Reliability-based design optimization (RBDO) is traditionally formulated as a nested optimization and reliability problem. Although surrogate models are generally employed to improve efficiency, the approach remains computationally prohibitive in high-dimensional settings. This paper proposes a novel RBDO framework based on a stochastic simulator viewpoint, in which the deterministic limit-state function and the uncertainty in the model inputs are combined into a unified stochastic representation. Under this formulation, the system response conditioned on a given design is modeled directly through its output distribution, rather than through an explicit limit-state function. Stochastic emulators are constructed in the design space to approximate the conditional response distribution, enabling the semi-analytical evaluation of failure probabilities or associated quantiles without resorting to Monte Carlo simulation. Two classes of stochastic emulators are investigated, namely generalized lambda models and stochastic polynomial chaos expansions. Both approaches provide a deterministic mapping between design variables and reliability constraints, which breaks the classical double-loop structure of RBDO and allows the use of standard deterministic optimization algorithms.
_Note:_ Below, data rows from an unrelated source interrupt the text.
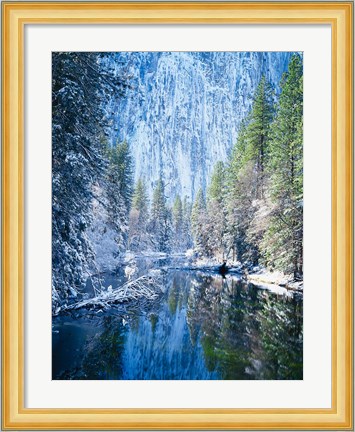 Framed Winter trees along Merced River, Yosemite Valley, Yosemite National Park, California Print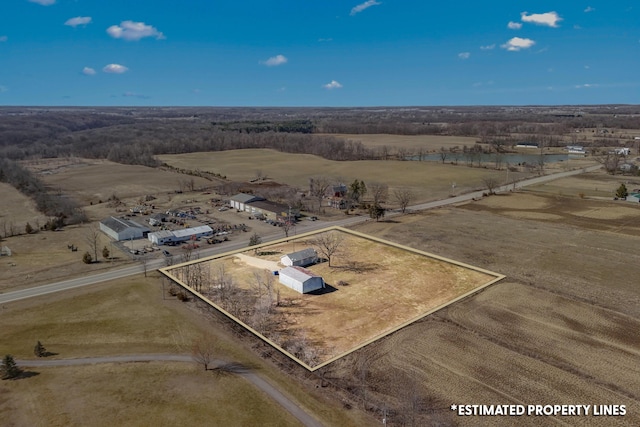 bird's eye view featuring a rural view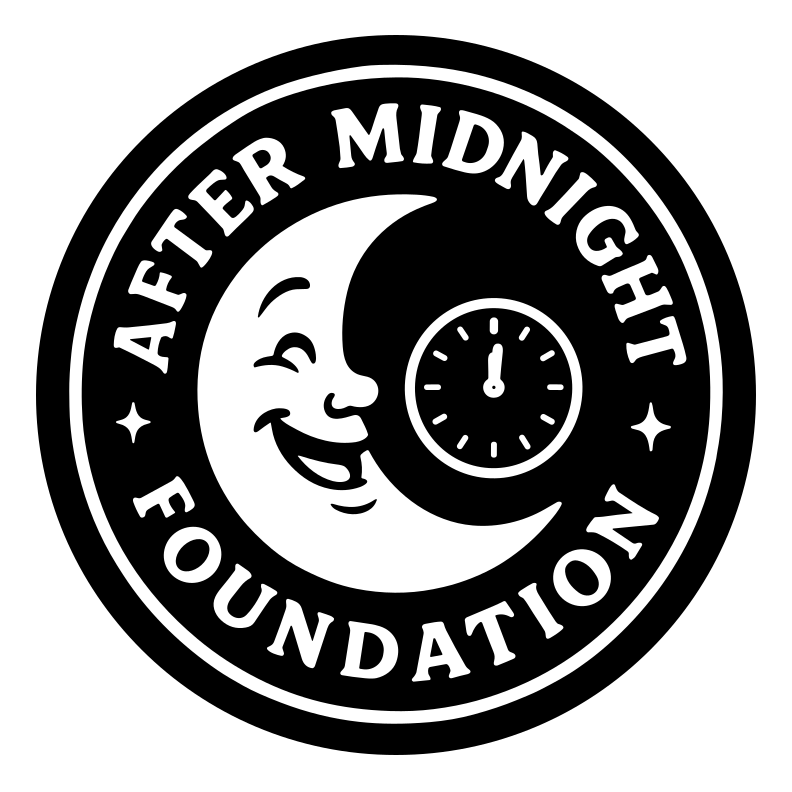 After Midnight Foundation circular logo with moon and midnight clock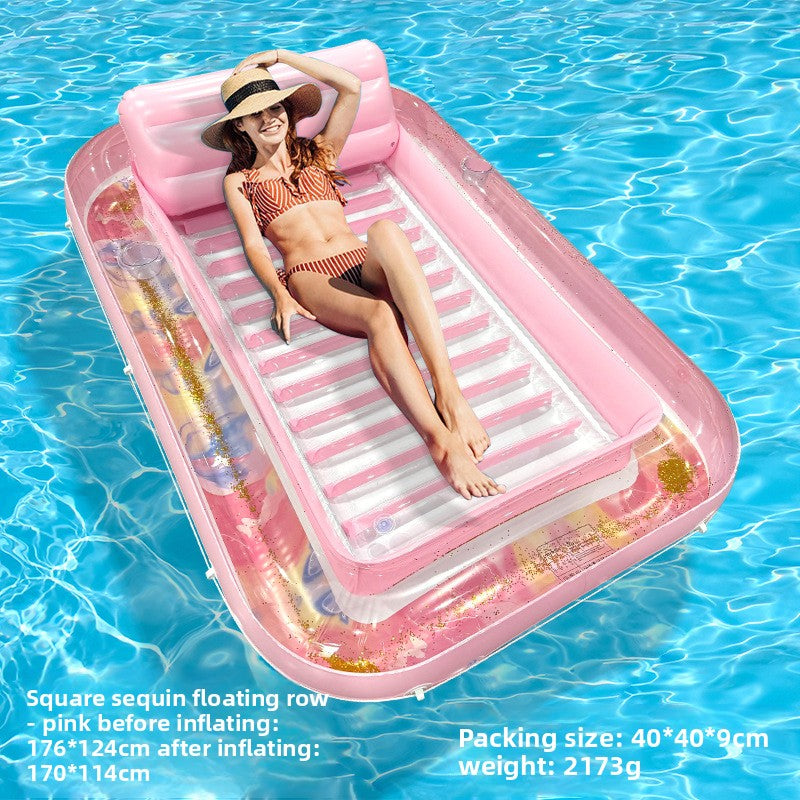 Inflatable Pool Float Bed with Cup Holder | Double | 14 Styles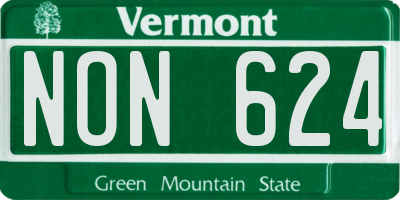 VT license plate NON624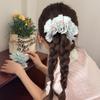 Elastic Plaid Scrunchies Sweet Exaggerated Hair Ring Fashion Large Lace Hair Tie  Party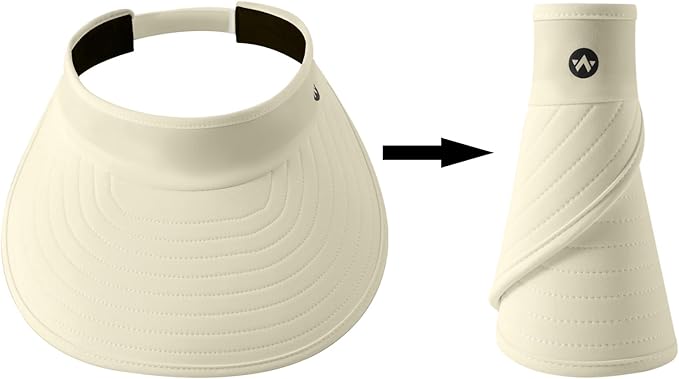 WANDER Sun Visor Hats for Women Wide Brim UV Protection Adjustable Large Golf Beach Cap Packable Travel Sport Visor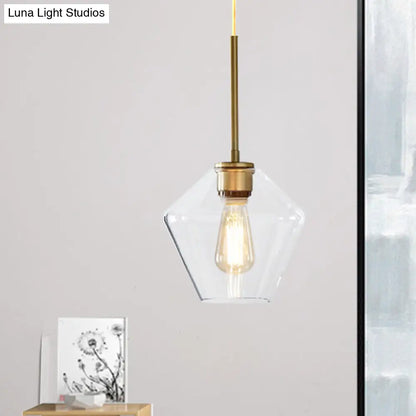 Modern 4.5"/9"/12" Wide Glass Shade Hanging Pendant Light with Brass Lamp Socket - Perfect for Office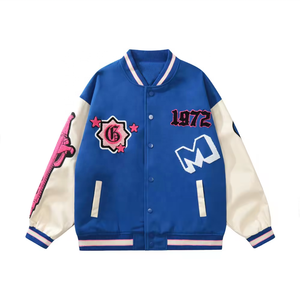 Veste de baseball pour homme de haute qualité personnalisée OEM, veste de baseball lourde avec broderie en chenille contrastée, veste de baseball Lightman - Product Image 4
The performance of the proposed approach is evaluated on a set of benchmark problems with dimensionality ranging from low to very high, including a case with stochastic excitation. The results are compared against a Kriging-based approach formulated in the full input space. The proposed method yields substantial computational gains, particularly in high-dimensional settings. While its efficiency is comparable to Kriging for low-dimensional problems, it significantly outperforms Kriging as the dimensionality increases.

翻译：可靠性设计优化（RBDO）传统上被表述为一个嵌套优化与可靠性问题的组合。尽管通常采用代理模型来提高效率，但在高维场景下，该方法在计算上仍然令人望而却步。本文提出了一种基于随机模拟器视角的新型RBDO框架，其中将确定性极限状态函数与模型输入中的不确定性合并为一个统一的随机表示。在此公式下，系统响应在给定设计条件下的建模直接通过其输出分布，而非通过显式的极限状态函数来实现。在设计空间中构建随机模拟器以逼近条件响应分布，从而无需借助蒙特卡洛模拟即可实现对失效概率或相关分位数的半解析评估。研究了两类随机模拟器，即广义lambda模型和随机多项式混沌展开。这两种方法均在设计变量与可靠性约束之间建立了确定性映射，打破了RBDO经典的嵌套双循环结构，并允许使用标准的确定性优化算法。通过一组维度从低到高的基准问题（包括一个含有随机激励的案例）评估了所提方法的性能。结果与在全输入空间中构建的基于克里金法的方法进行了对比。所提方法在计算上取得了显著优势，尤其是在高维场景下。虽然其在低维问题中的效率与克里金法相当，但随着维度增加，其性能显著优于克里金法。